Now fully operational, the NMC Campus has been carefully constructed to provide researchers and students dozens of prebuilt settings for experiments in social interaction in 3-D space. Expressly designed to encourage explorations both formal and informal, traditional and nontraditional, real and surreal, and serious and playlike, the spaces are flexible and will lend themselves to additional uses, yet to be defined.
The campus has a variety of places for these interactions, from the serious to the fanciful, each designed to support an optimal group size; these range from 2 to more than 75. The campus also supports a wide variety of traditional media, including posters, PowerPoint slides, photographs, charts/graphs, videos, and weblinks, and these resources continue to be added on a regular basis as a core component of the project. All of these resources are available to NMC members who may wish to bring classes to the campus for a visit, as part of a research project, or for a full term. Complete details on using the campus are available on the NMC Campus wiki.

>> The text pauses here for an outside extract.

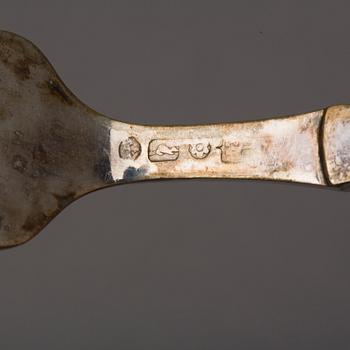 FISKBESTICK 24 delar, pläter, omkring 1900.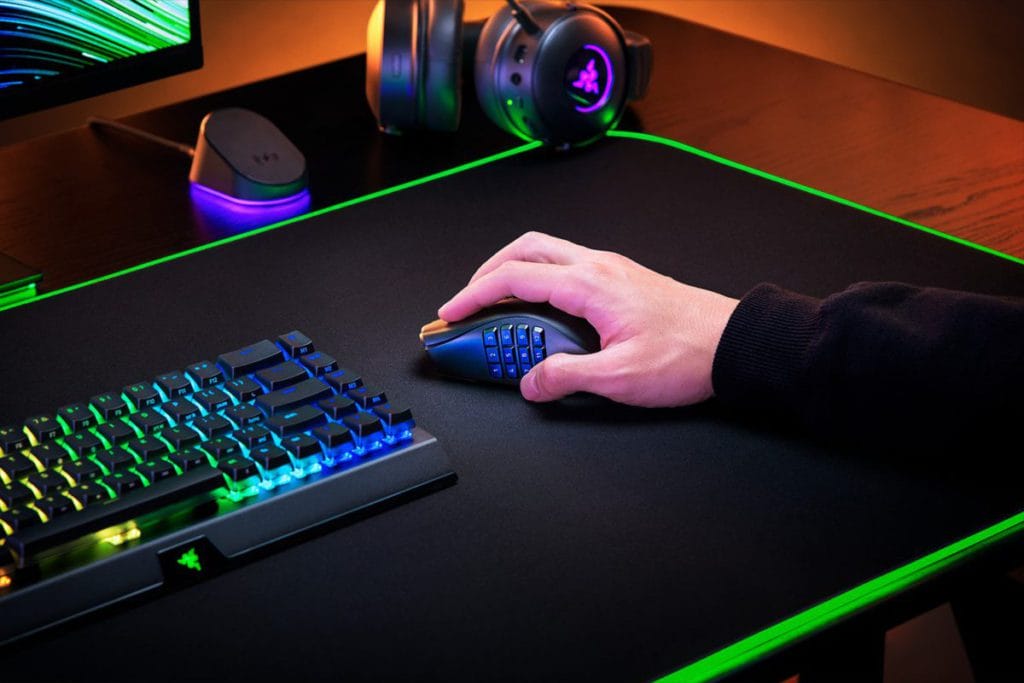 Desain Ergonomis Razer Naga V2 Pro-PostingMart com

Also available is the complete Second Life toolset of sophisticated building tools and the LSL scripting language, with which all of the NMC Campus and Second Life has been created. These allow the creation of virtually any simulated situation, process, or environment, and the incorporation of sophisticated interactivity.
For the latest information on the project, see the main pages in this blog,
Recommended best practice is to start use SL to build, build, build (avatar also).
One example could be to build collaboratively a giant 3D cell (science). Build the elements of a cell (nucleus, etc). The problem for them could be how to represent the 3D cell and the functions of the elements in SL which can be done in multiple ways.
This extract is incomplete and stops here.